Let $V$ be a vector space and $\beta= \{ u_1,\dots ,u_n \}$ be a subset of $V$.
$\Rightarrow$ $\beta$ is a basis for $V$ iff each vector $v\in V$ can be unquiley expressed as a linear combination of vectors in $\beta$ , that is , can be expressed in the form
$$v=a_1*u_1+\dots +a_n u_n $$
Def of basis $\beta$ for a vector space $V$ is linearly independent subset of $V$ that generates $V$
Assume $V$ is a vector space and $\beta= \{ u_1,\dots ,u_n \}$ be a subset of $V$.

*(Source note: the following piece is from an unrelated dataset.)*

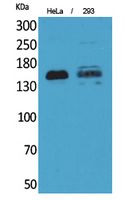 Fig1:; Western Blot analysis of HeLa, 293 cells using CD148 Polyclonal Antibody.. Secondary antibody（catalog#：HA1001) was diluted at 1:20000 cells nucleus extracted by Minute TM Cytoplasmic and Nuclear Fractionation kit (SC-003,Inventbiotech,MN,USA).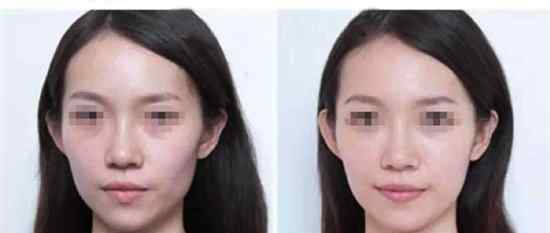 立秀膨体丰太阳穴，旺桃花撩汉子必备技能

$\Rightarrow$ ] let $\beta$ be basis. Suppose representation is not unique so
$$\begin{aligned} v&=a_1 \hat{u_1}+\dots +a_n \hat{u_n}
\\ &=b_1\hat{u_1}+\dots +b_n \hat{u_n}
\end{aligned} $$
Now
$$ \begin{aligned}
0 &=v-v=(a_1-b_1) \hat{u_1}+\dots +(a_n -b_n) \hat{u_n}
\\ &= c_1 u_1 + \dots + c_n u_n
\end{aligned}$$
ofcourse $c_i = a_i-b_i $ for $i=1,\dots,n $
Since $\beta$ is a basis $\Rightarrow$ Linearly Indep. the only solution is the trivial one so $c_i=a_i-b_i=0$ that is $a_i=b_i$ so our vectors unique
$\Leftarrow$] each vector can be expresed uniquely as a linear combo of vectors $\beta$
$\vdots$
$\therefore \beta$ is a basis
Can use guidance for $\Leftarrow$] part.
Best Answer
Span is clear. For linear independence, use $0$ can be expressed uniquely.
$$0 = 0v_1 + \cdots + 0v_n $$ so if $c_1 v_1 + \cdots + c_n v_n = 0$, then $c_i = 0$ for all $i$.